To break this down, the yacht must be appropriately surveyed and be issued with the following statutory certificates; an International Loadline certificate, an International Sewage Pollution Prevention certificate, an International Oil Pollution Prevention certificate + form A, an International Air Pollution Prevention certificate + supplement, an Engine International Air Pollution Prevention Certificate, an International Anti-Fouling System certificate, an International Cargo Ship Safety Radio Certificate, an International Energy Efficiency certificate and be inspected and found to comply with ALL requirements of MLC, 2006.

Suffice to say, the yacht must comply with all the pertinent requirements contained within MI-103 and all other national and international requirements and be fully commercially compliant at all times, whether ‘engaged in trade’ or not – there is no wiggle room on this.

MSMC, Wreck Convention (300GT), Mini ISM and hours of rest all come into play as well, to name but a few of the additional requirements you would expect for a commercially compliant yacht. Obviously for yachts 500GT and above, ISM and ISPS code compliance is mandatory.

YET - Maritime Compliance continued

The yacht cannot carry more than 12 passengers whilst ‘engaged in trade’
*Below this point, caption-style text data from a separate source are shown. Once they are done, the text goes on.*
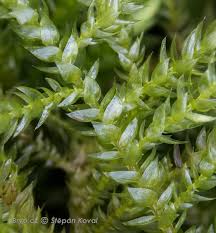 Attēlu rezultāti vaicājumam “Breidleria pratensis”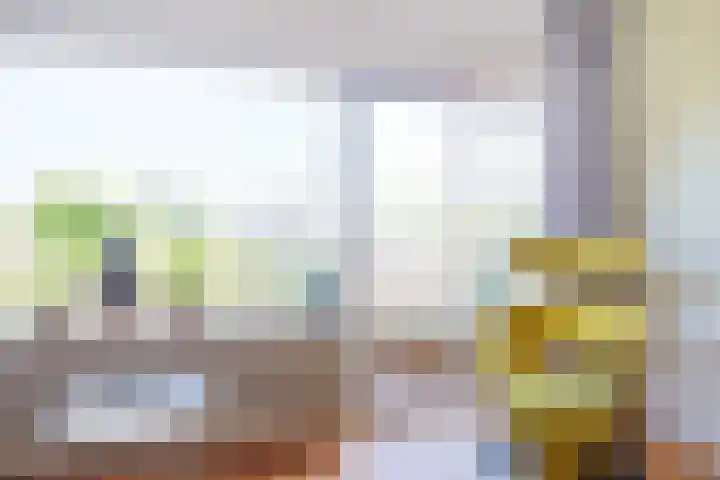 De Vooysplantsoen 16 Utrecht thumbnail 7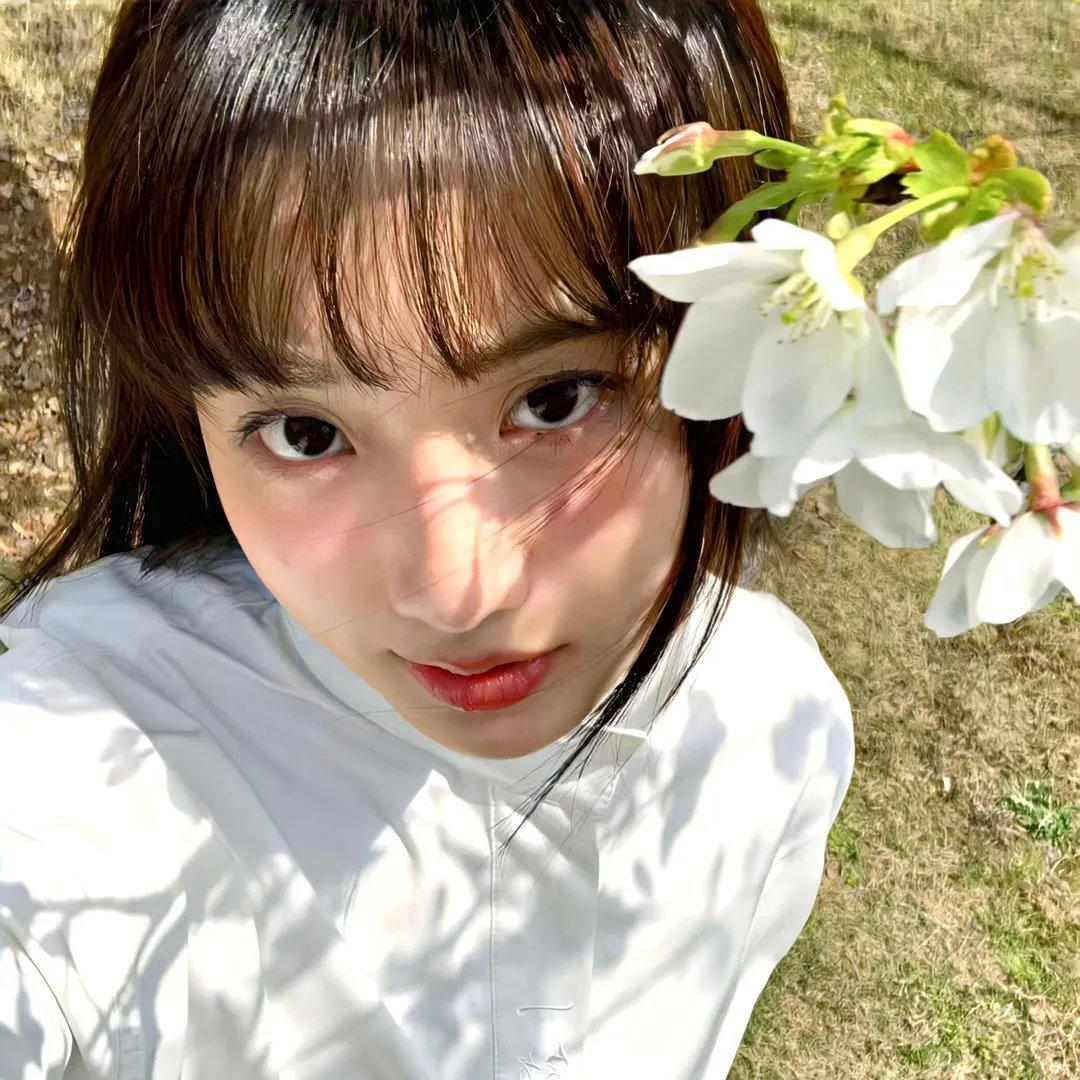武装起来的好莱坞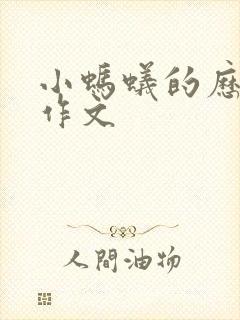 小蚂蚁的历险记作文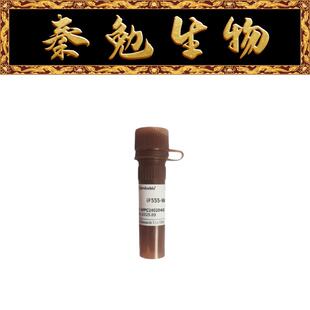 赛维尔 货号:G1731-100UL iF555-Wheat Germ Agglutinin WGA红光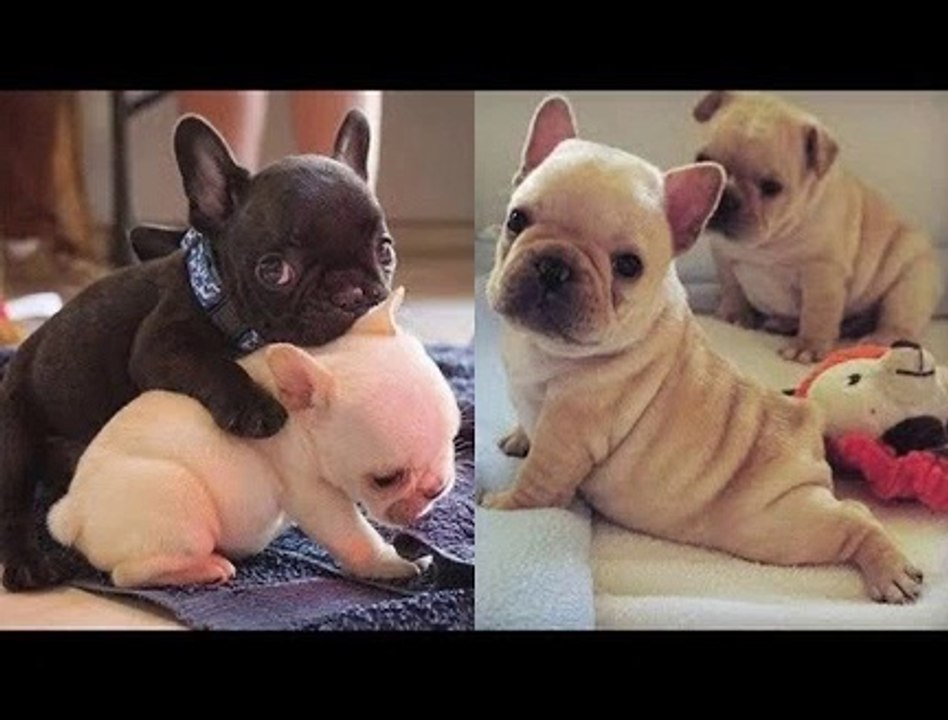 Cutest French Bulldog - Funny and Cute French Bulldog Puppies 2019 #20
Private yachts carrying a Yacht Engaged in Trade Compliance Certificate (YETCC) and operating under a temporary Certificate of Registry - Yacht Engaged in Trade (COR YET) - national certificates issued by the Administrator - can be considered by EU PSC authorities (within the Paris MOU) as a commercial yacht for the purposes of compliance and ultimate inspection.

YET - The Benefit

Whilst at the moment, the waters in which a YET can be enabled as ‘Engaged in Trade” is limited to French and Monegasque, it does mean that the UBO does not have to raise a charter party agreement to use his/her own yacht (as if it were commercially operated). However, it must be noted that whilst the yacht is in this commercial ‘bubble’ for whatever length of time the COR YET is in place (limited to a total of 84 days per year – and not consecutively), the UBO cannot use their yacht.

Complete fiscal transparency – ‘Flip/Flop’ is not part of this initiative and importing/exporting the yacht to meet these sometimes complex requirements is a thing of the past.

Clearly, the YET initiative is not for everybody, nor should it be.

What it does do, is offer an alternative to the norm, freeing the owner to enjoy their asset as intended, free of the bureaucratic red tape that can easily dissuade the most earnest of yacht owners from trying to recoup some of the running costs associated with the joy of boating.

The Republic of the Marshall Islands has just released Marine Guidelines notice MG-1-11-2 detailing the exact YET requirements and ‘The RMI Yacht Code’ MI-103 has been released to reflect this new YET initiative.